- What you will do -
An exact reproduction of all the entries is the expected answer.

Segment Start: Source material

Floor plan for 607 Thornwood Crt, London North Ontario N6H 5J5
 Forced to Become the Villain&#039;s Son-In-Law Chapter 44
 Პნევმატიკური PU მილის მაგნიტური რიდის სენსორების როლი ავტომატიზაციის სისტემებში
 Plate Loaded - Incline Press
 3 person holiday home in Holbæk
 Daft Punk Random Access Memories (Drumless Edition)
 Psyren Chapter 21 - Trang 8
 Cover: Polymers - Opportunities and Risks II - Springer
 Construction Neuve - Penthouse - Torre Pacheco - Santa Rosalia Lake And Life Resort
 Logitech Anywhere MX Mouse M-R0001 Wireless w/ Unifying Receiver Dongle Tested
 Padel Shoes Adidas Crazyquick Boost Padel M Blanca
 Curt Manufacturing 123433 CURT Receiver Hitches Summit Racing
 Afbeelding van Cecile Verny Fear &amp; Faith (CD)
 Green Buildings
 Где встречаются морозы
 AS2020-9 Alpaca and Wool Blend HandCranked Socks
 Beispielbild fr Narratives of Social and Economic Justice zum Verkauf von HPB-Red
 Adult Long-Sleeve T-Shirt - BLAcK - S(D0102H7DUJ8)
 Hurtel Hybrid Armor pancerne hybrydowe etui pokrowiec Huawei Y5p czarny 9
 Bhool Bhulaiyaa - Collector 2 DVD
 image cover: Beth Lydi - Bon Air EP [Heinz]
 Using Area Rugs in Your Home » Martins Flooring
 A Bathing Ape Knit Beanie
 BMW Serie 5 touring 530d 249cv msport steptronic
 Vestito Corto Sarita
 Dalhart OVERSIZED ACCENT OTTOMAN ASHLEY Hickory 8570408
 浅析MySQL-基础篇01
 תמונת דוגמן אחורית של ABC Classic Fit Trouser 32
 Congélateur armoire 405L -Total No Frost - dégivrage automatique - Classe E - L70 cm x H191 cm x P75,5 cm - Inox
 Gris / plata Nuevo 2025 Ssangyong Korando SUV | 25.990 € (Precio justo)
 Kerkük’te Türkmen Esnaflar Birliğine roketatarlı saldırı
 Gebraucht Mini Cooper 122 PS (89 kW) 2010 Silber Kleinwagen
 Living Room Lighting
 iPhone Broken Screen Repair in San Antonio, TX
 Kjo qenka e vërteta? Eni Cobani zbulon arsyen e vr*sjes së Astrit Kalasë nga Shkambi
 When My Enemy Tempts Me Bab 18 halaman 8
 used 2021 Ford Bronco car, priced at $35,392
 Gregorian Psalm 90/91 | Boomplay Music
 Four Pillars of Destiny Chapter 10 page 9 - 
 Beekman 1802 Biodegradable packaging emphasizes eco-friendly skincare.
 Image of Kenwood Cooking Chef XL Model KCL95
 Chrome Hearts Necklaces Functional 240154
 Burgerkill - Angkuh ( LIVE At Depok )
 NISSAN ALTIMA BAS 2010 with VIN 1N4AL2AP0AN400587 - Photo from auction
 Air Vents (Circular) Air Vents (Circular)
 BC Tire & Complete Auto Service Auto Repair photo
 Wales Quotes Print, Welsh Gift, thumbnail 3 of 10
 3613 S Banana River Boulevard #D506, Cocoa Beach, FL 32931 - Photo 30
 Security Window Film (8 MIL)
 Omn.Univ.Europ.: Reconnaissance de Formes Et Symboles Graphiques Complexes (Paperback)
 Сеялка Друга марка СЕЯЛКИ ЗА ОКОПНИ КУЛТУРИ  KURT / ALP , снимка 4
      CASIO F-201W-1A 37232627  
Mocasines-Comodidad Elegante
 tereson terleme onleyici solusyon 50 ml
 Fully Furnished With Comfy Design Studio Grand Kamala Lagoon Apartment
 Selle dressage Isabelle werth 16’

Segment End: Source material

- Your response -
Floor plan for 607 Thornwood Crt, London North Ontario N6H 5J5
 Forced to Become the Villain&#039;s Son-In-Law Chapter 44
 Პნევმატიკური PU მილის მაგნიტური რიდის სენსორების როლი ავტომატიზაციის სისტემებში
 Plate Loaded - Incline Press
 3 person holiday home in Holbæk
 Daft Punk Random Access Memories (Drumless Edition)
 Psyren Chapter 21 - Trang 8
 Cover: Polymers - Opportunities and Risks II - Springer
 Construction Neuve - Penthouse - Torre Pacheco - Santa Rosalia Lake And Life Resort
 Logitech Anywhere MX Mouse M-R0001 Wireless w/ Unifying Receiver Dongle Tested
 Padel Shoes Adidas Crazyquick Boost Padel M Blanca
 Curt Manufacturing 123433 CURT Receiver Hitches Summit Racing
 Afbeelding van Cecile Verny Fear &amp; Faith (CD)
 Green Buildings
 Где встречаются морозы
 AS2020-9 Alpaca and Wool Blend HandCranked Socks
 Beispielbild fr Narratives of Social and Economic Justice zum Verkauf von HPB-Red
 Adult Long-Sleeve T-Shirt - BLAcK - S(D0102H7DUJ8)
 Hurtel Hybrid Armor pancerne hybrydowe etui pokrowiec Huawei Y5p czarny 9
 Bhool Bhulaiyaa - Collector 2 DVD
 image cover: Beth Lydi - Bon Air EP [Heinz]
 Using Area Rugs in Your Home » Martins Flooring
 A Bathing Ape Knit Beanie
 BMW Serie 5 touring 530d 249cv msport steptronic
 Vestito Corto Sarita
 Dalhart OVERSIZED ACCENT OTTOMAN ASHLEY Hickory 8570408
 浅析MySQL-基础篇01
 תמונת דוגמן אחורית של ABC Classic Fit Trouser 32
 Congélateur armoire 405L -Total No Frost - dégivrage automatique - Classe E - L70 cm x H191 cm x P75,5 cm - Inox
 Gris / plata Nuevo 2025 Ssangyong Korando SUV | 25.990 € (Precio justo)
 Kerkük’te Türkmen Esnaflar Birliğine roketatarlı saldırı
 Gebraucht Mini Cooper 122 PS (89 kW) 2010 Silber Kleinwagen
 Living Room Lighting
 iPhone Broken Screen Repair in San Antonio, TX
 Kjo qenka e vërteta? Eni Cobani zbulon arsyen e vr*sjes së Astrit Kalasë nga Shkambi
 When My Enemy Tempts Me Bab 18 halaman 8
 used 2021 Ford Bronco car, priced at $35,392
 Gregorian Psalm 90/91 | Boomplay Music
 Four Pillars of Destiny Chapter 10 page 9 - 
 Beekman 1802 Biodegradable packaging emphasizes eco-friendly skincare.
 Image of Kenwood Cooking Chef XL Model KCL95
 Chrome Hearts Necklaces Functional 240154
 Burgerkill - Angkuh ( LIVE At Depok )
 NISSAN ALTIMA BAS 2010 with VIN 1N4AL2AP0AN400587 - Photo from auction
 Air Vents (Circular) Air Vents (Circular)
 BC Tire & Complete Auto Service Auto Repair photo
 Wales Quotes Print, Welsh Gift, thumbnail 3 of 10
 3613 S Banana River Boulevard #D506, Cocoa Beach, FL 32931 - Photo 30
 Security Window Film (8 MIL)
 Omn.Univ.Europ.: Reconnaissance de Formes Et Symboles Graphiques Complexes (Paperback)
 Сеялка Друга марка СЕЯЛКИ ЗА ОКОПНИ КУЛТУРИ  KURT / ALP , снимка 4
      CASIO F-201W-1A 37232627  
Mocasines-Comodidad Elegante
 tereson terleme onleyici solusyon 50 ml
 Fully Furnished With Comfy Design Studio Grand Kamala Lagoon Apartment
 Selle dressage Isabelle werth 16’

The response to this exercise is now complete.